Argumento corriqueiro em demandas judiciais é o de que a Lei de Responsabilidade Fiscal impõe limites intransponíveis à implementação das políticas públicas tendentes a efetivação dos direitos sociais, todavia inexiste esse óbice, porquanto a Lei de Responsabilidade Fiscal prevê que não estão sujeitas a seu controle o repasse de verbas destinadas às obrigações constitucionais do Ente Público (art. 2º, IV, da Lei Complementar nº. 101/2000).  

Diz-se, ainda, que o juiz não detém legitimidade para decidir acerca das políticas públicas, porquanto não fora eleito pelo voto direto do povo. Esta idéia está jungida ao vetusto sistema democrático liberal, que não se coaduna com a nova vertente do Estado Democrático de Direito, cujo qual não se sustenta na mera configuração de uma democracia formal, em que apenas os representantes eleitos pelo povo servem como veículo das pretensões e necessidades daqueles que os elegeram. ”Ademais, ninguém garante que aqueles que receberam o voto popular realmente representem a vontade da maioria, ou – o que ainda se reveste de maior preocupação – a vontade da Lex Maior”[62].

Nesse passo, a participação popular é feita por meio de uma democracia participativa, onde instrumentos como a Ação Civil Pública constituem uma forma idônea de exercê-la, de requerer cidadania. Esta noção deve estar cumulada ao princípio da inafastabilidade da jurisdição, segundo o qual o juiz não deve negar a prestação jurisdicional.

É ainda nessa perspectiva que é possível demonstrar que a atuação judicial não vai de encontro ao princípio da separação dos poderes, haja vista que há, em verdade, um trabalho em conjunto com vistas a concretizar a Constituição. Muito embora exista em parte da jurisprudência aqueles que resistam à idéia.

Embora inquestionável que resida, primariamente, nos Poderes Legislativo e Executivo, a prerrogativa de formular e executar políticas públicas, revela-se possível, no entanto, ao Poder Judiciário, ainda que em bases excepcionais, determinar, especialmente nas hipóteses de políticas públicas definidas pela própria Constituição, sejam estas implementadas, sempre que os órgãos estatais competentes, por descumprirem os encargos político-jurídicos que sobre eles incidem em caráter mandatório, vierem a comprometer, com a sua omissão, a eficácia e a integridade de direitos sociais e culturais impregnados de estatura constitucional[63].

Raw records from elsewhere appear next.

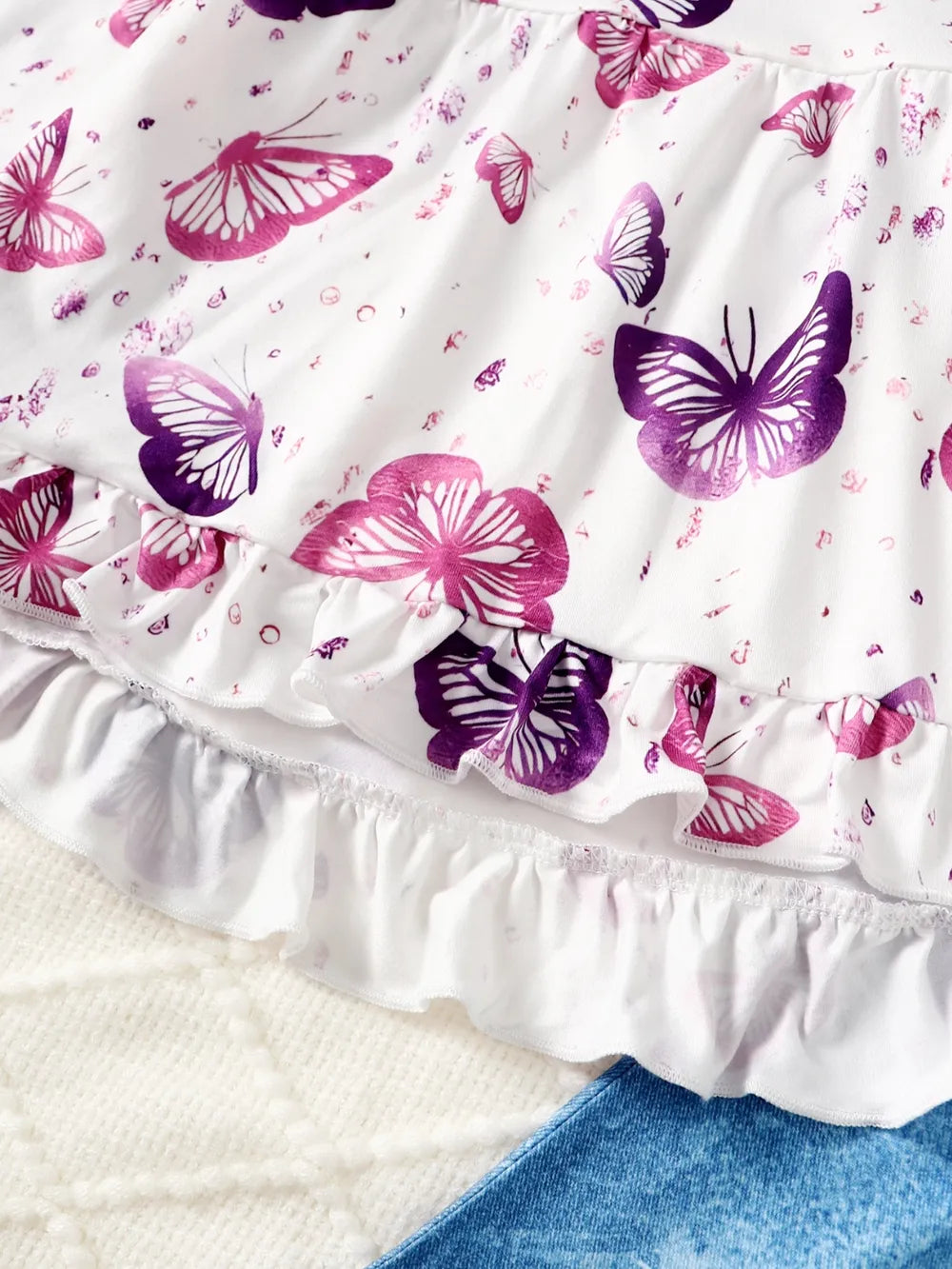 Children's Butterfly Print Top and Flare Pants Set 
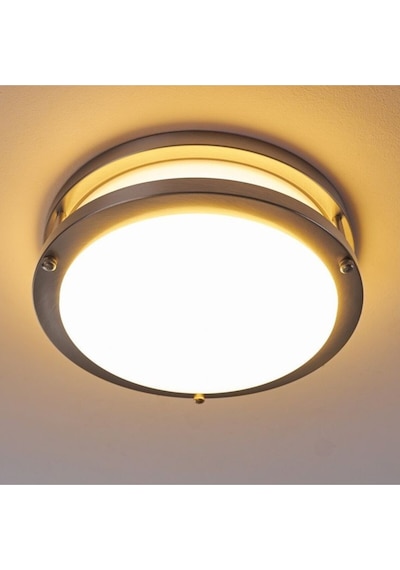 24 Watt Beyaz Işık Ledli Modern Tavan Armatürü, Balkon, Teras Armatürü, Banyo Duvar Tavan Armatürü Siyah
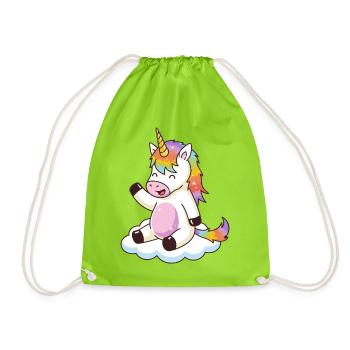 Regenbogen-Einhorn auf der Wolke - Turnbeutel - Neongrün - Vorne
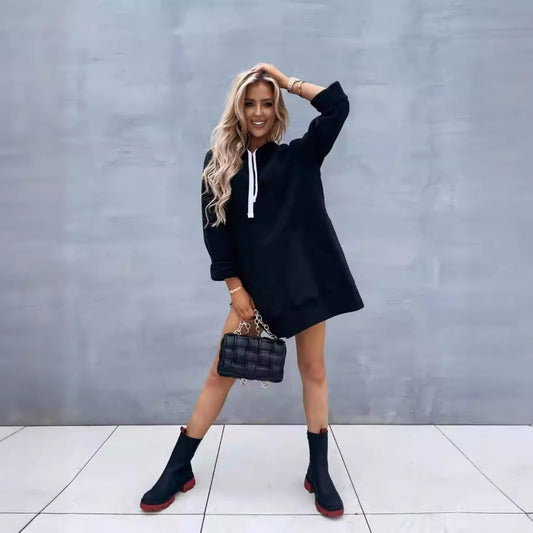 Women's Hooded Sweatshirt With Pockets Fashion Casual Split Mid-length Sweater Drawstring Tops myetyn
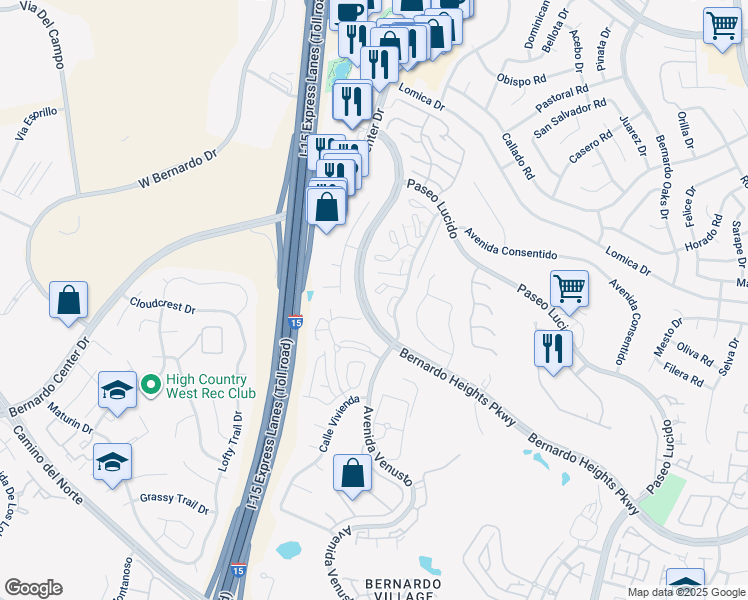 map of restaurants, bars, coffee shops, grocery stores, and more near 16280 Avenida Venusto in San Diego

A propósito, pertinente são as lições de Andreas Krell[64] (2002, p. 22/23), in verbis:

A Constituição confere ao legislador uma margem substancial de autonomia na definição da forma e medida em que o direito social deve ser assegurado, o chamado 'livre espaço de conformação [...]. Num sistema político pluralista, as normas constitucionais sobre direitos sociais devem ser abertas para receber diversas concretizações consoante as alternativas periodicamente escolhidas pelo eleitorado. A apreciação dos fatores econômicos para uma tomada de decisão quanto às possibilidades e aos meios de efetivação desses direitos cabe, principalmente, aos governos e parlamentos. Em princípio, o Poder Judiciário não deve intervir em esfera reservada a outro Poder para substituí-lo em juízos de conveniência e oportunidade, querendo controlar as opções legislativas de organização e prestação, a não ser, excepcionalmente, quando haja uma violação evidente e arbitrária, pelo legislador, da incumbência constitucional. No entanto, parece-nos cada vez mais necessária a revisão do vetusto dogma da Separação dos Poderes em relação ao controle dos gastos públicos e da prestação dos serviços básicos no Estado Social, visto que os Poderes Legislativo e Executivo no Brasil se mostraram incapazes de garantir um cumprimento racional dos respectivos preceitos constitucionais. A eficácia dos Direitos Fundamentais Sociais a prestações materiais depende, naturalmente, dos recursos públicos disponíveis; normalmente, há uma delegação constitucional para o legislador concretizar o conteúdo desses direitos. Muitos autores entendem que seria ilegítima a conformação desse conteúdo pelo Poder Judiciário, por atentar contra o princípio da Separação dos Poderes [...]. Muitos autores e juízes não aceitam, até hoje, uma obrigação do Estado de prover diretamente uma prestação a cada pessoa necessitada de alguma atividade de atendimento médico, ensino, de moradia ou alimentação. Nem a doutrina nem a jurisprudência têm percebido o alcance das normas constitucionais programáticas sobre direitos sociais, nem lhes dado aplicação adequada como princípios-condição da justiça social. A negação de qualquer tipo de obrigação a ser cumprida na base dos Direitos Fundamentais Sociais tem como conseqüência a renúncia de reconhecê-los como verdadeiros direitos. [...] Em geral, está crescendo o grupo daqueles que consideram os princípios constitucionais e as normas sobre direitos sociais como fonte de direitos e obrigações e admitem a intervenção do Judiciário em caso de omissões inconstitucionais.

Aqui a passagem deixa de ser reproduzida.